L’anno scorso, i senatori statunitensi Mark Warner e Deb Fischer hanno presentato un disegno di legge che intenderebbe vietare questo tipo di “interfacce manipolative”. Il “Deceptive Experiences to Online Users Reduction Act” renderebbe illegale per siti web come Facebook utilizzare schemi oscuri quando riguardano dati personali. “Le richieste fuorvianti di fare semplicemente clic sul pulsante ‘OK’ possono spesso trasferire contatti, messaggi, attività di navigazione, foto o informazioni sulla posizione senza che l’utente se ne accorga”, ha scritto il senatore Fischer quando è stato presentato questo disegno di legge.

Il problema è che diventa molto difficile definire un dark pattern: “Tutto il design ha un livello persuasivo”, afferma Victor Yocco, l’autore del libro “Design for the Mind: Seven Psychological Principles of Persuasive Design”. Per definizione, il design incoraggia qualcuno a utilizzare un prodotto in un modo particolare, che non è intrinsecamente negativo. Gray ha anche incontrato difficoltà a tracciare il confine tra schema oscuro e design semplicemente scadente.

Molti di questi dark patterns vengono utilizzati per calcolare metriche che indicano i risultati, come l’aumento degli utenti o il tempo trascorso nelle sessioni. Gray cita un esempio tratto dall’app per smartphone “Trivia Crack”, che sollecita i suoi utenti a giocare a un altro gioco ogni due o tre ore. Come spiega Yocco, questi tipi di notifiche possono portare a comportamenti estremamente compulsivi.

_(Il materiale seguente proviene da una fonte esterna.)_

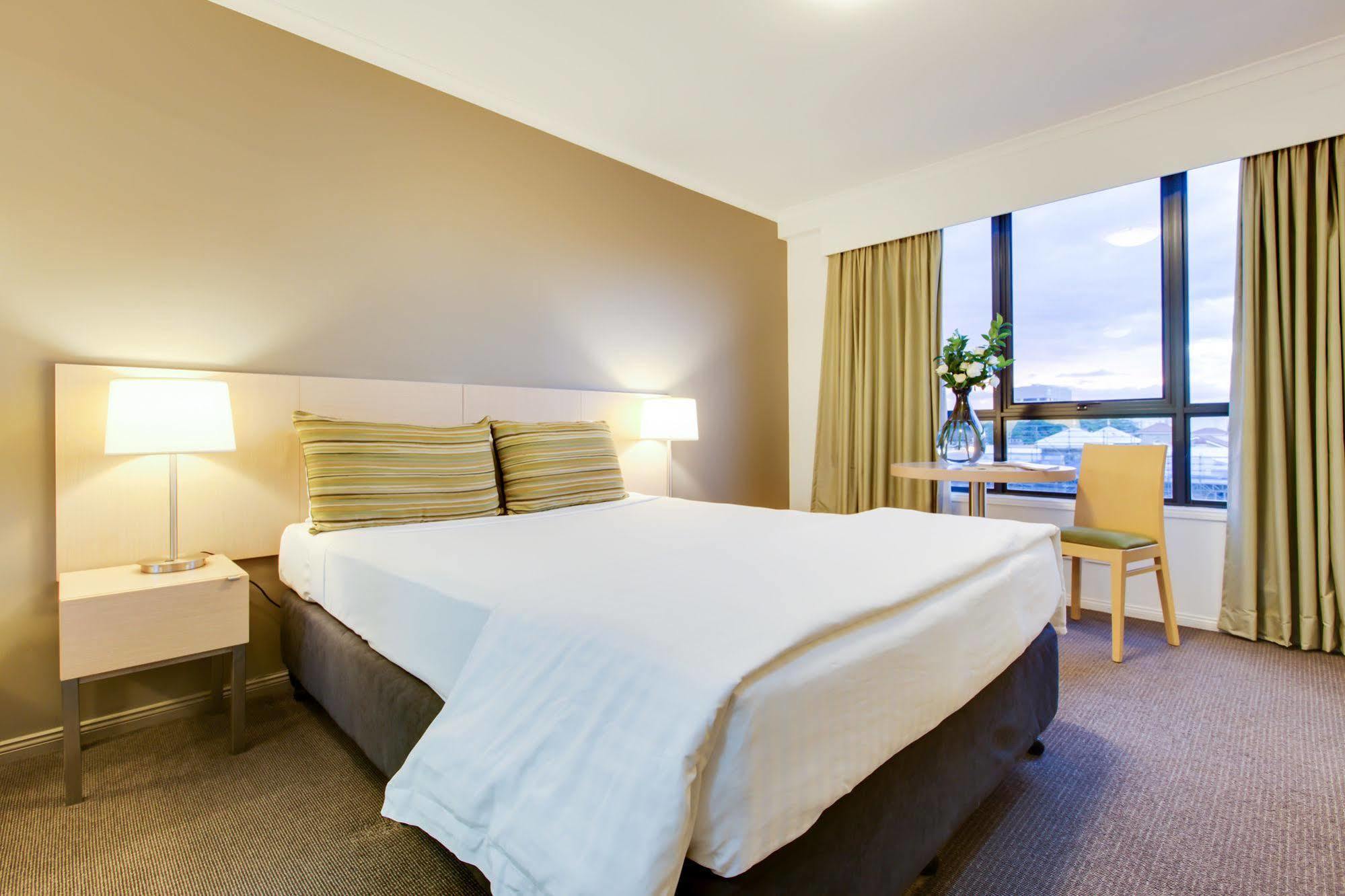 Adina Apartment Hotel Brisbane Esterno foto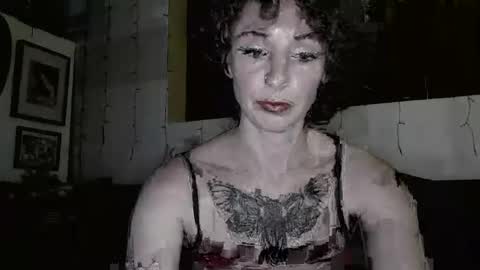 Snapshot of sexnchocolate chatting on February 19, 2025, 6:44 am Trixy Rose online show from February 19, 2025, 6:44 am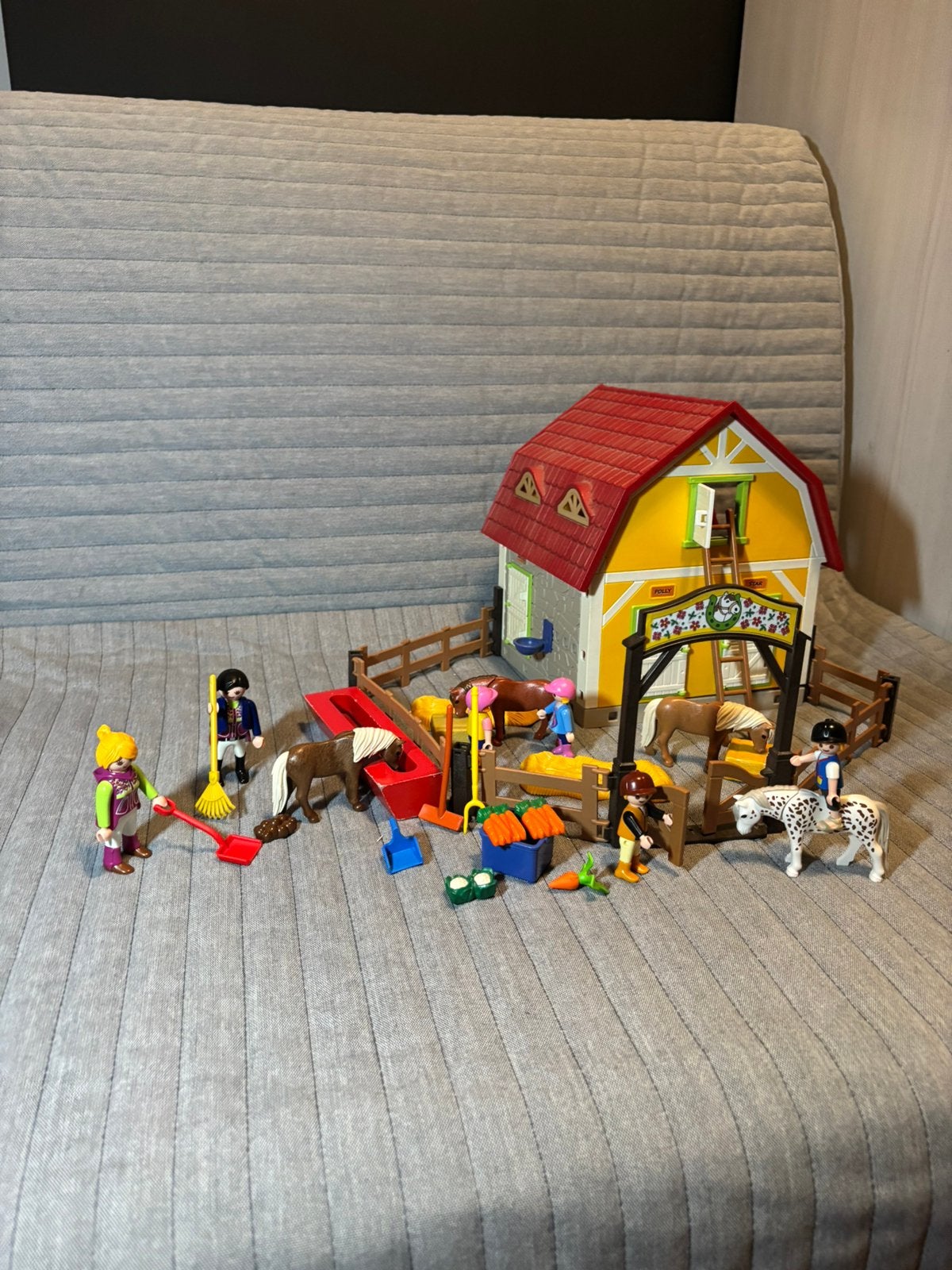 Playmobil ecurie poney cheval cavalière, Enlèvement, Comme neuf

Infine, gli schemi più oscuri di tutti sorgono quando le persone cercano di abbandonare queste piattaforme. Basta provare a disattivare il proprio account Instagram per scoprire come sia eccezionalmente difficile, e neanche è possibile farlo dall’app, ma occorre usare la versione desktop del sito, e l’impostazione è addirittura nascosta all’interno della sezione” Modifica profilo”.